On a second note, I got my harness from a local supplier called Hamisco Industrial Supply, and it was $350 for a body harness, 4ft shock absorbing lanyard, i-beam support, and another support that wraps around pipes (like the railings in most catwalks).


----------



## __WWW__ (Jan 16, 2005)

ccfan213 said:


> a harness is relatively easy to find, i dont know about prices, but you can get one at EMS or another camping/climbing store, my concern is more what to do with it as far as having a line to attach to that is set up in a way that will still let me move freely without getting too complex.



thats where i got mine, but i havent used it in the theater yet, just for climbing at the gym. we have a new school so new autidorium. but hey those catwalks in the phantom of the opera movie looked sweet.


----------



## __WWW__ (Jan 16, 2005)

i dont think you need a body harness. the normal harnesses start at about 25 dollars and those work fine..


----------



## ship (Jan 17, 2005)

I would think that a horizontal life line system would be in order with your school. Same type of rig used for stage hands when walking upon a truss set up.
On the lighting tree, different fall protection will be in order such as a vertical fall arrester.
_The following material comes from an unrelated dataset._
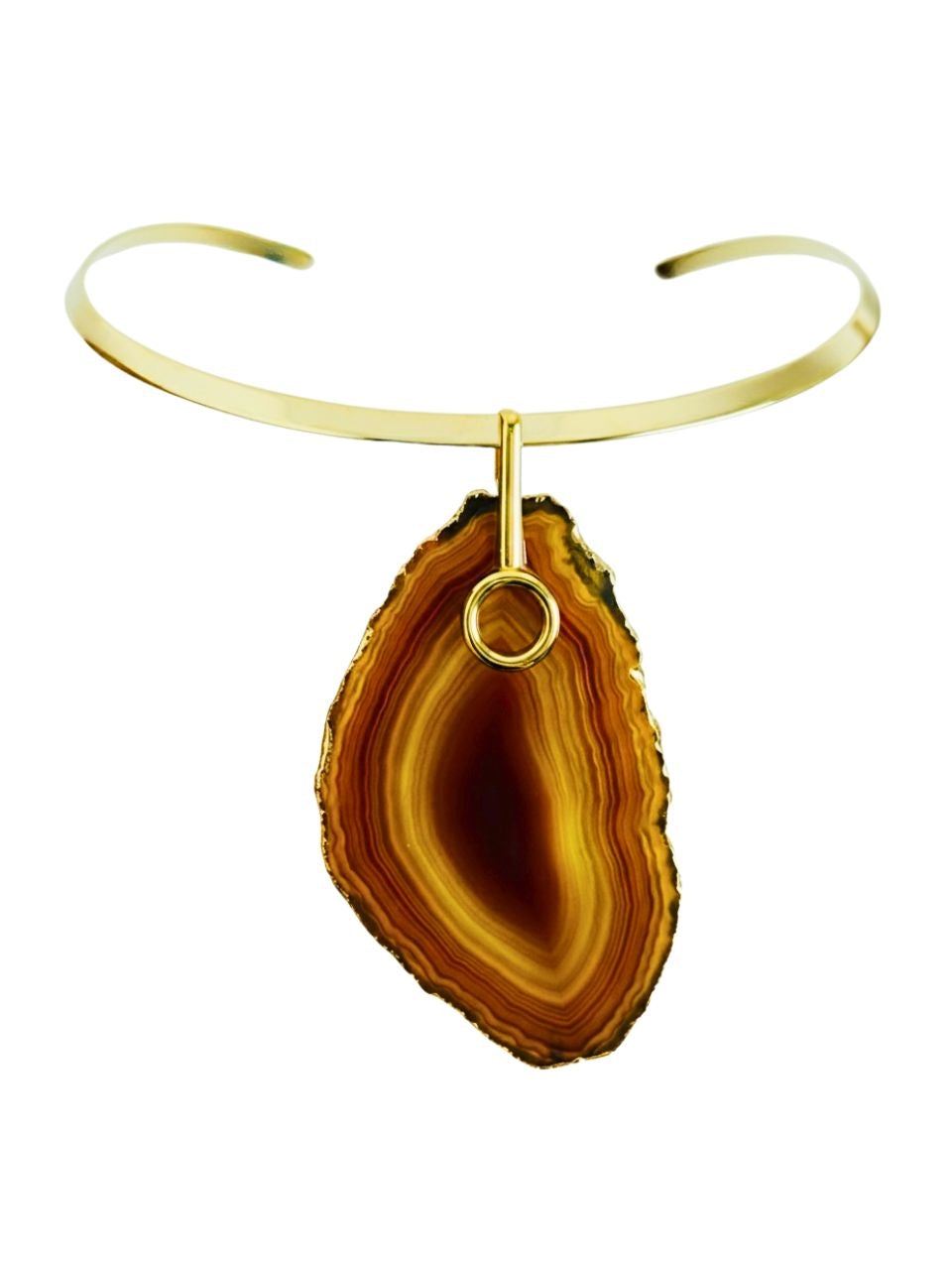 Colar Choker Aro Liso com Ágata Vermelha Detalhe Dourado Semijoia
Fall Protection is not repelling gear. Places like Eastern Mountain Sports, Galleons, REI sell rock climbing repelling gear, not fall protection. There is major differences between what if you fall while using will break your back, and what when using fall protection proper will save your life.

There are also many components of these systems, and they are for use only with proper instruction as to their use, proper care and inspection, than with a rescue system in place for rescuing a person once they fall.

In order to have anything like this installed at your school, you would need a rigging company such as Sapsis Rigging amongst a few, to come out, assess what’s needed, train the users of the system and the instructors for rescue. 

Once a piece of fall protection shows wear or is used, you buy a new one - this is to save one’s life not designed to be economical. On for instance the vertical fall arrester, it needs to go in for a yearly inspection for re-certification.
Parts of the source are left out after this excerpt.